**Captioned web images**
Segment Open

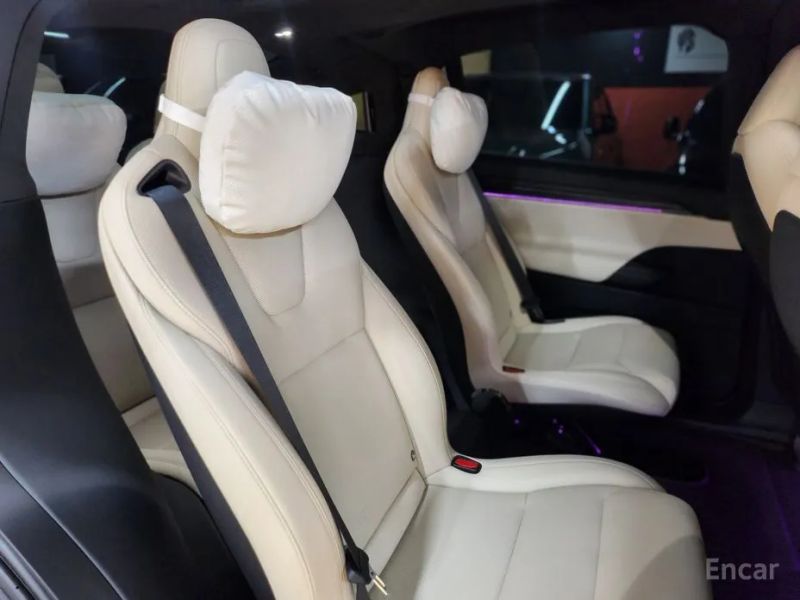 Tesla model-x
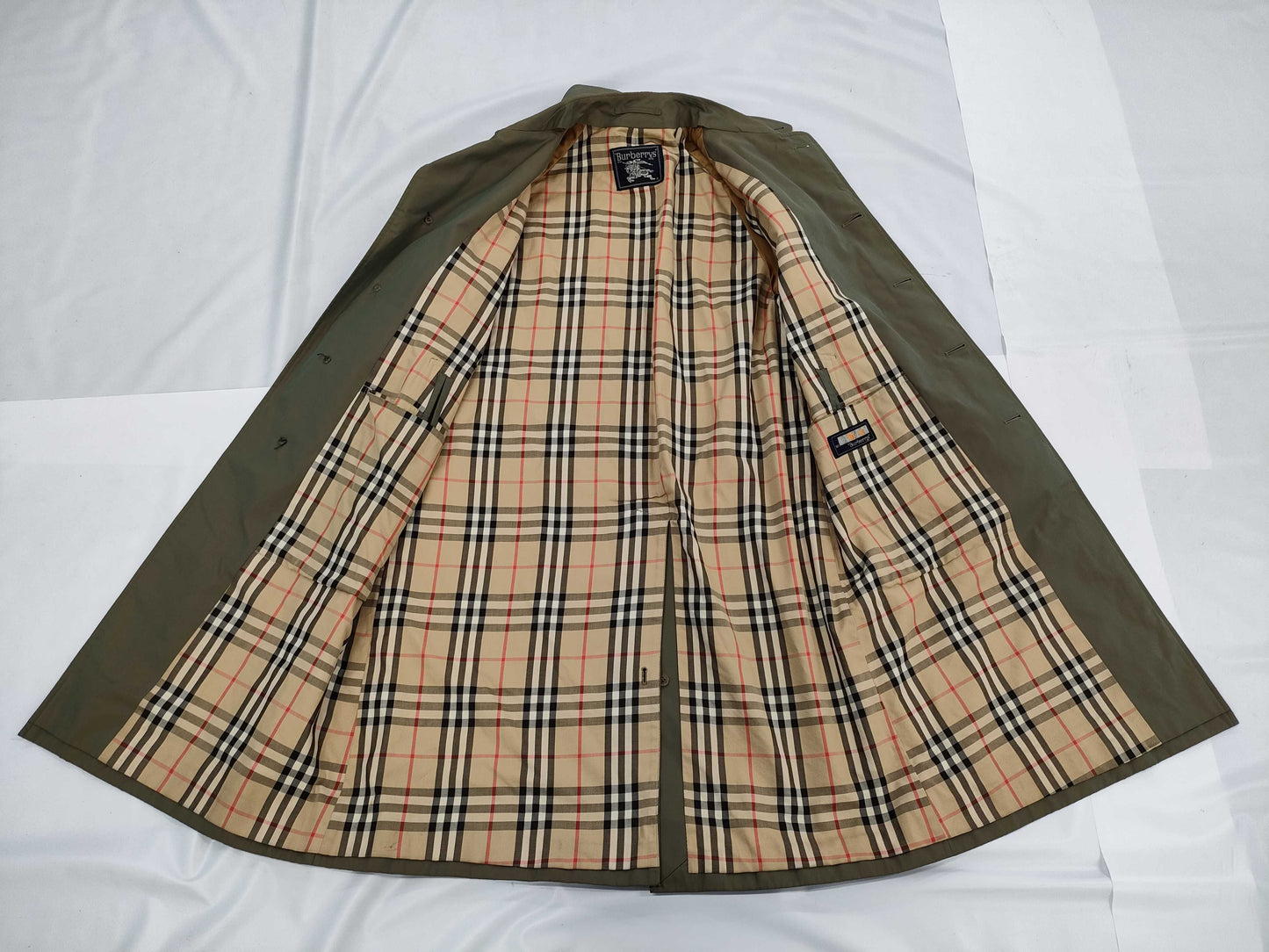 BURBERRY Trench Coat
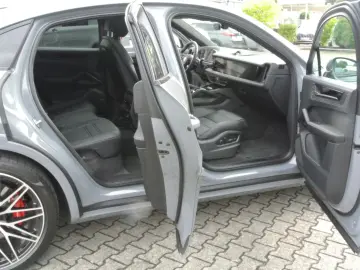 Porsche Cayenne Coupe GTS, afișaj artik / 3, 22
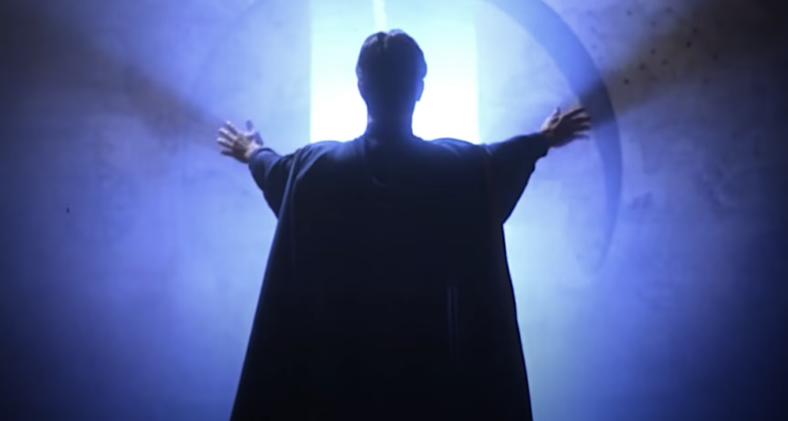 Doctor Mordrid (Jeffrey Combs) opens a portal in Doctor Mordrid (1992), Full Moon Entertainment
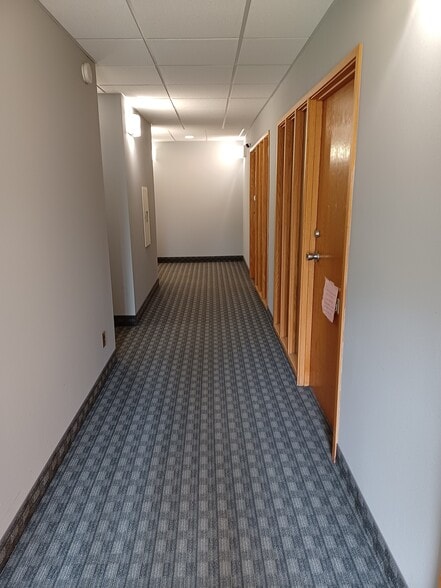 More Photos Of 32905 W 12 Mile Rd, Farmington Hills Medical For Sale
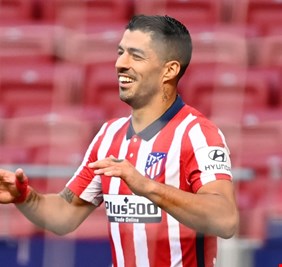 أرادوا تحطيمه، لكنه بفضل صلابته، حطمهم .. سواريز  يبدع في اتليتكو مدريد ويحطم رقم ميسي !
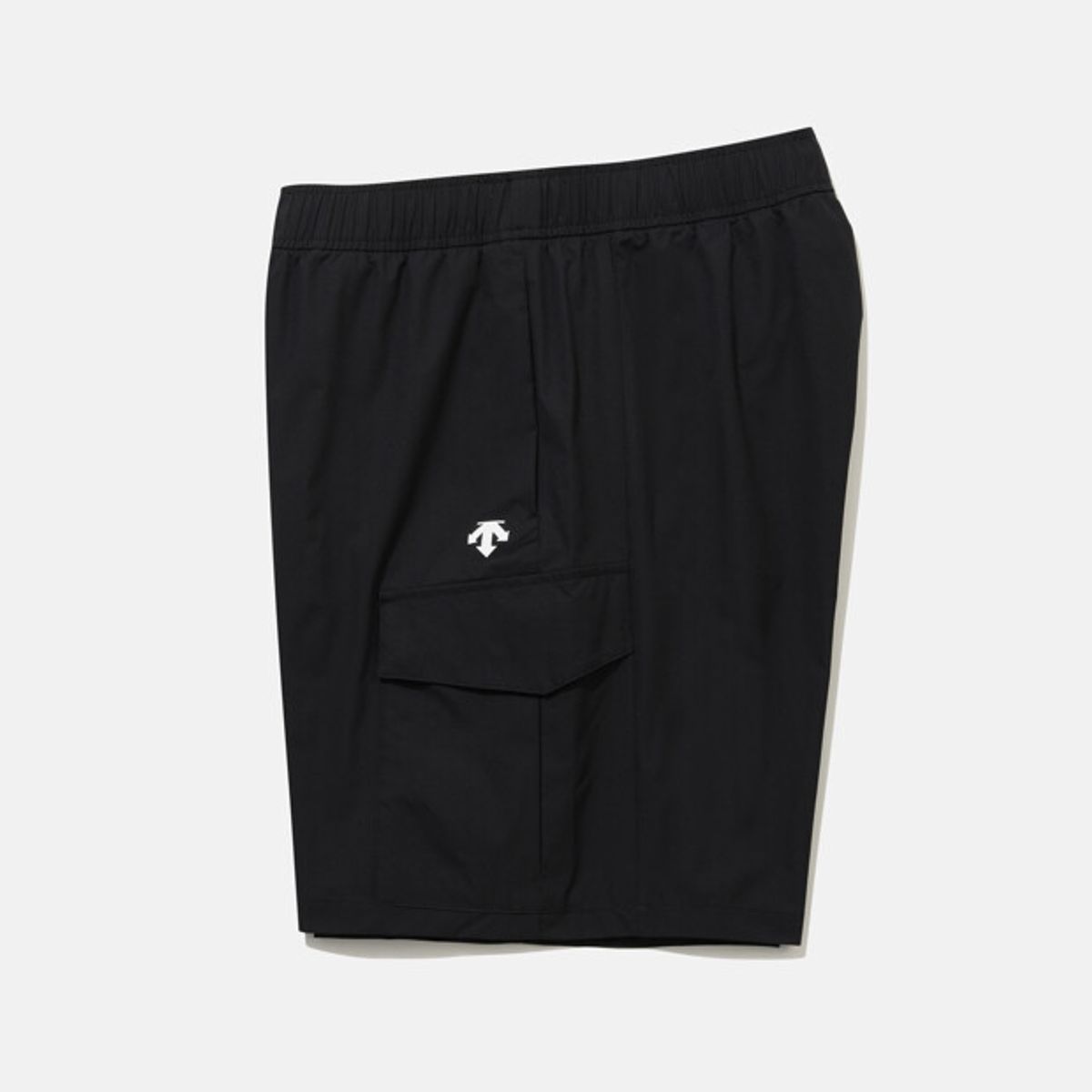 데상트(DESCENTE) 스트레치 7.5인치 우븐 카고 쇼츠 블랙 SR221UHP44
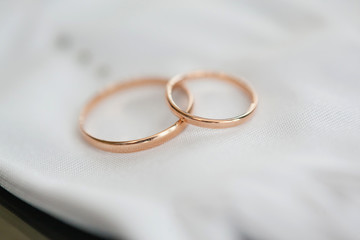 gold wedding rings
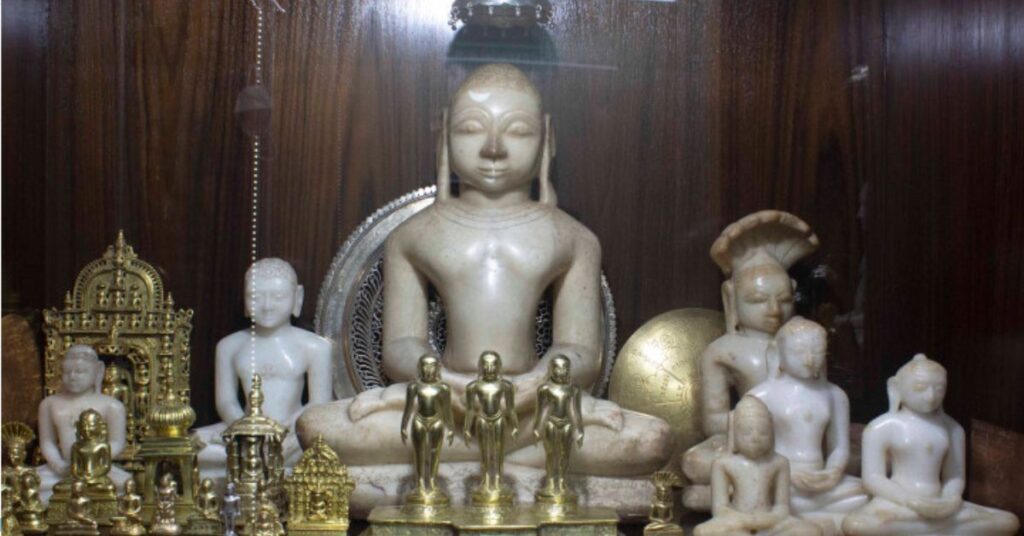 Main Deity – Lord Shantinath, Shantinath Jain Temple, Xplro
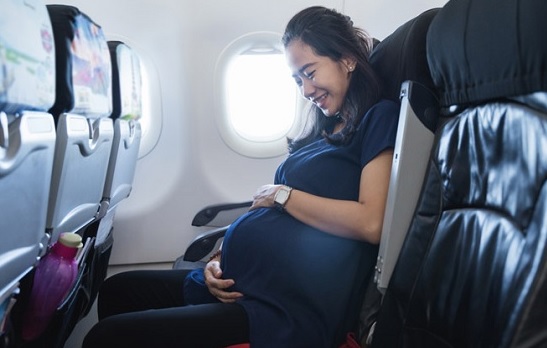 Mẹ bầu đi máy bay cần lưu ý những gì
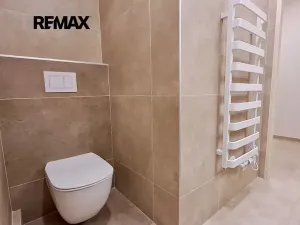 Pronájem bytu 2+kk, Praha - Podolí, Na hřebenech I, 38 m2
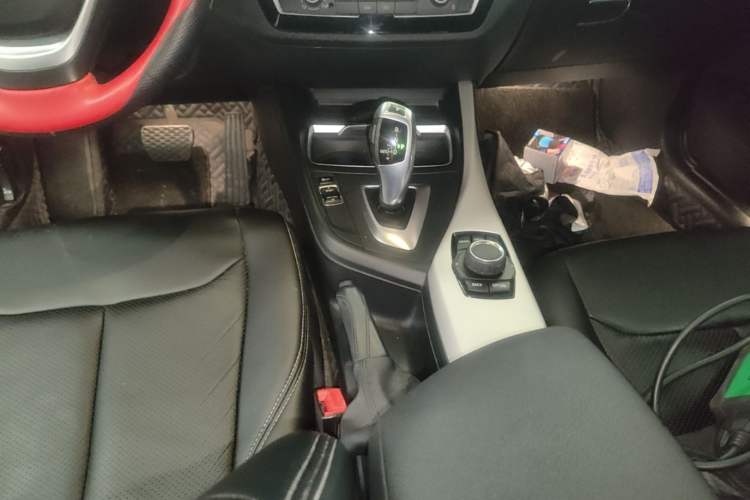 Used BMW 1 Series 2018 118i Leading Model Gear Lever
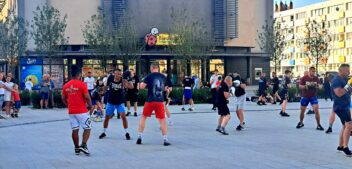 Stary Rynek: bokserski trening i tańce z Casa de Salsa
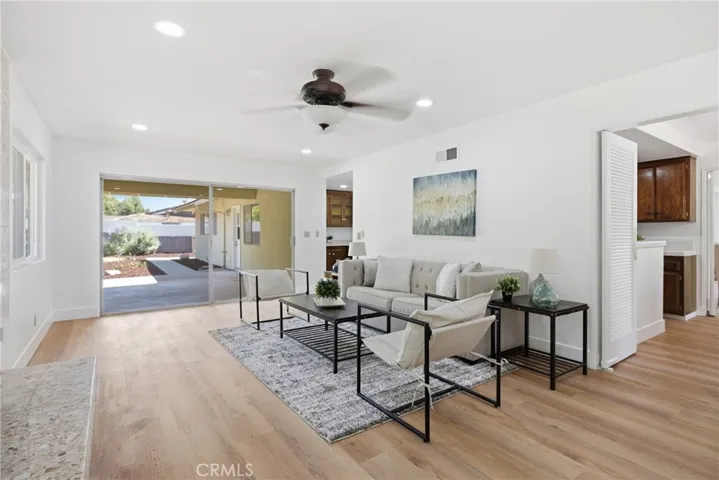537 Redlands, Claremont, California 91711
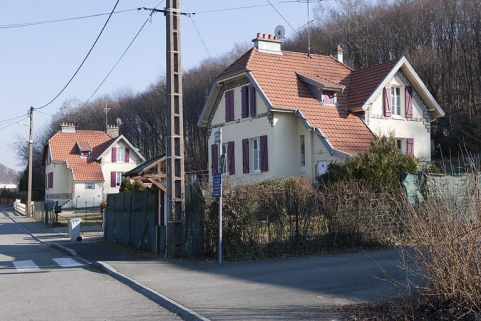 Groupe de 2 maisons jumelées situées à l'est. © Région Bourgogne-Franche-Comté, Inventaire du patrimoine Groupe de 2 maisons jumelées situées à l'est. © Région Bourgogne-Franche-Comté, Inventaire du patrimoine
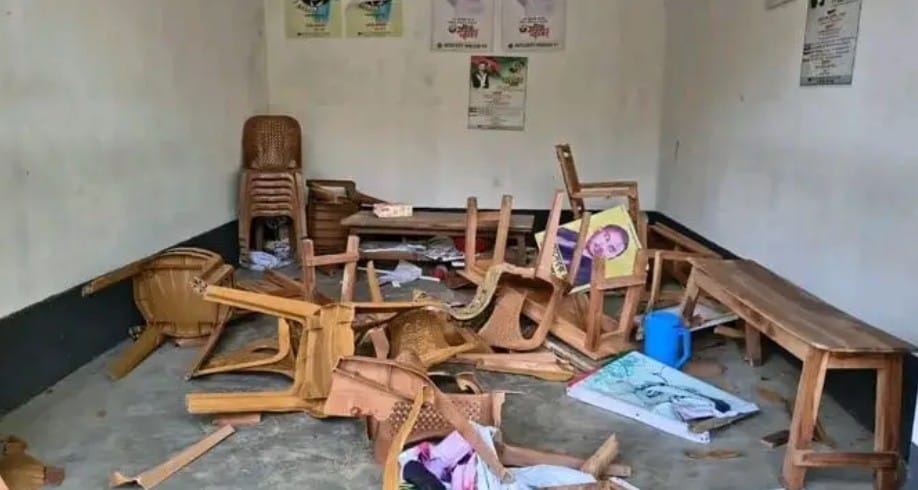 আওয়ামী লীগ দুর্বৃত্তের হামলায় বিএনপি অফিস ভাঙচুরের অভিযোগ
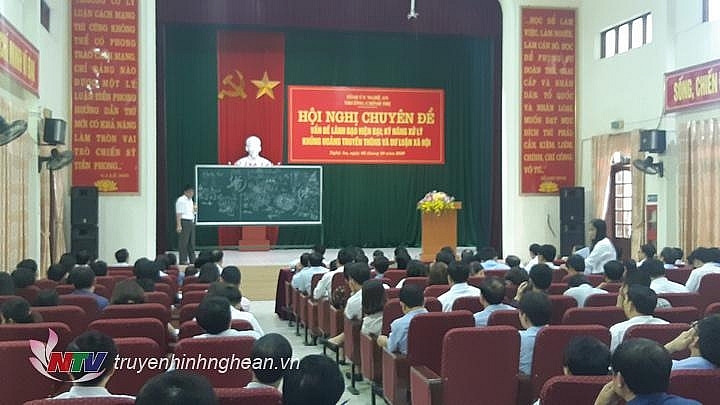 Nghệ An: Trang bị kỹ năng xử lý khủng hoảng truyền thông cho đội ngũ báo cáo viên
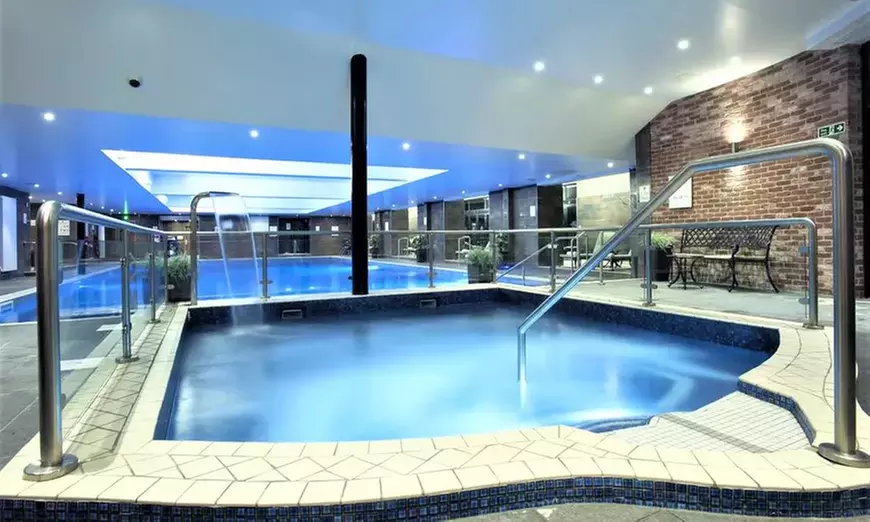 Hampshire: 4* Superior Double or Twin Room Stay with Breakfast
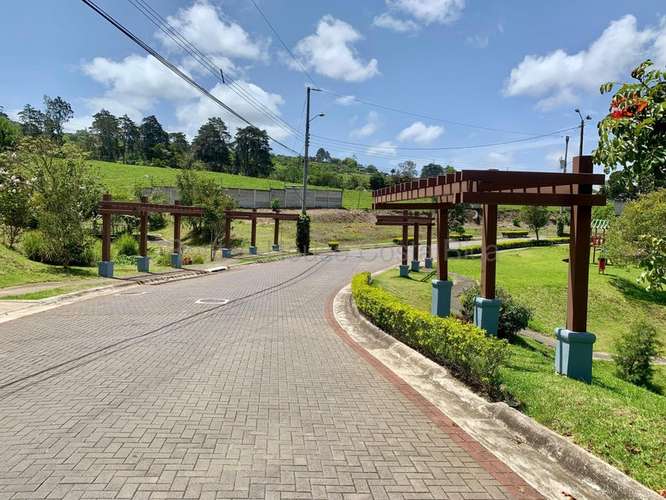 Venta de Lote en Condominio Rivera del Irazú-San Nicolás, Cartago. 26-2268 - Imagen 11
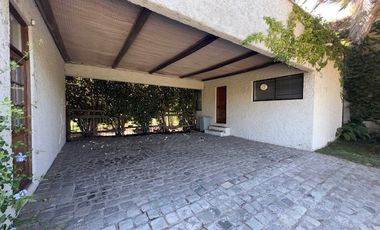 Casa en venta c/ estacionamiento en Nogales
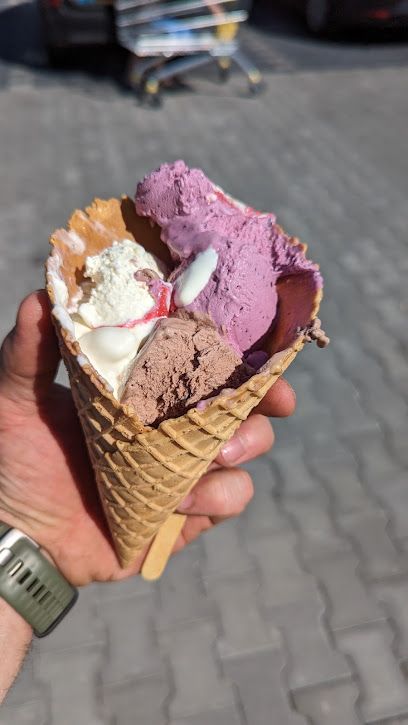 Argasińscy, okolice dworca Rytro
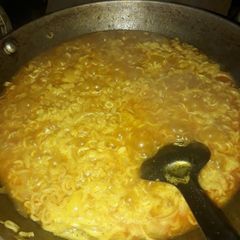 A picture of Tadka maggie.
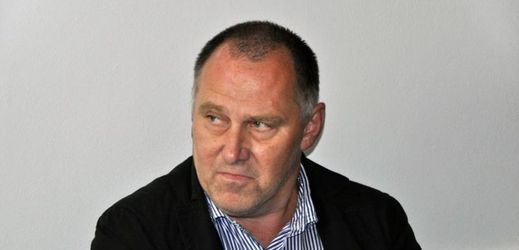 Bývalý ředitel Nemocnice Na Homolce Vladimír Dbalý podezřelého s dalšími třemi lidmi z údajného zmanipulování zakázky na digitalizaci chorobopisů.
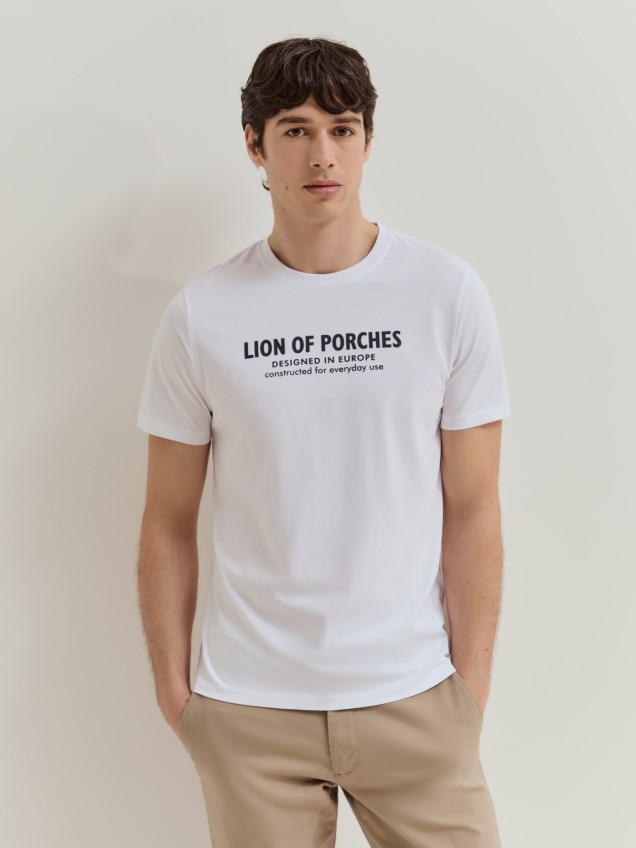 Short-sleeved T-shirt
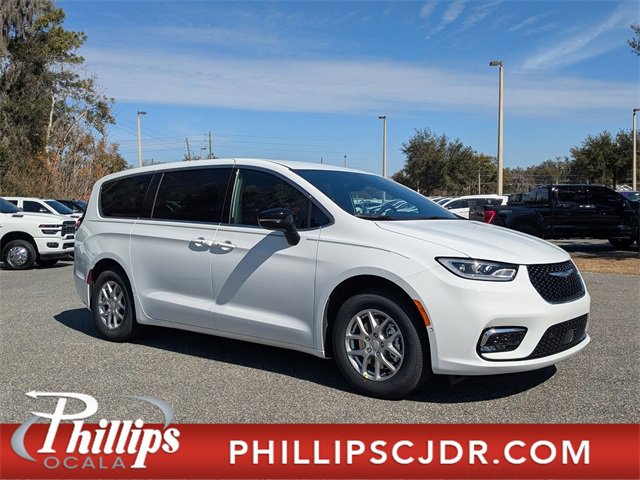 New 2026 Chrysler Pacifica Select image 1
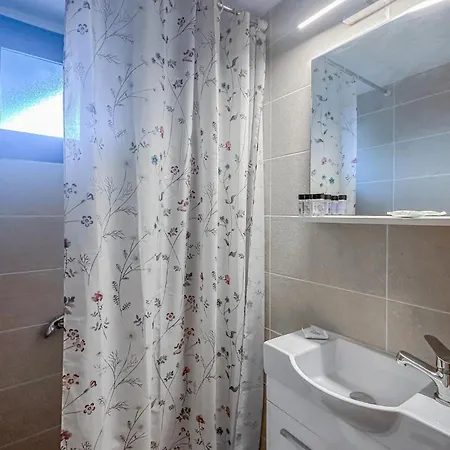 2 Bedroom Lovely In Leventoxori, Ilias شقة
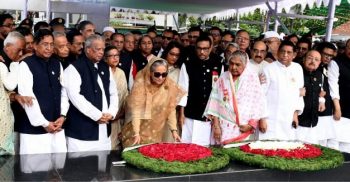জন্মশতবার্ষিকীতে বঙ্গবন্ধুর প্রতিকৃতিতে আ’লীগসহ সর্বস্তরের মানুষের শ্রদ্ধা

Segment Closed

**TASK BRIEF**
Copy out exactly the lines above beginning with the line that contains "Mẹ bầu đi máy bay cần lưu ý những gì" and finishing with the line that contains "537 Redlands, Claremont, California 91711", including both; leave the pictures out.

**SOLUTION FOR THIS TASK**
 Mẹ bầu đi máy bay cần lưu ý những gì
 Pronájem bytu 2+kk, Praha - Podolí, Na hřebenech I, 38 m2
 Used BMW 1 Series 2018 118i Leading Model Gear Lever
 Stary Rynek: bokserski trening i tańce z Casa de Salsa
537 Redlands, Claremont, California 91711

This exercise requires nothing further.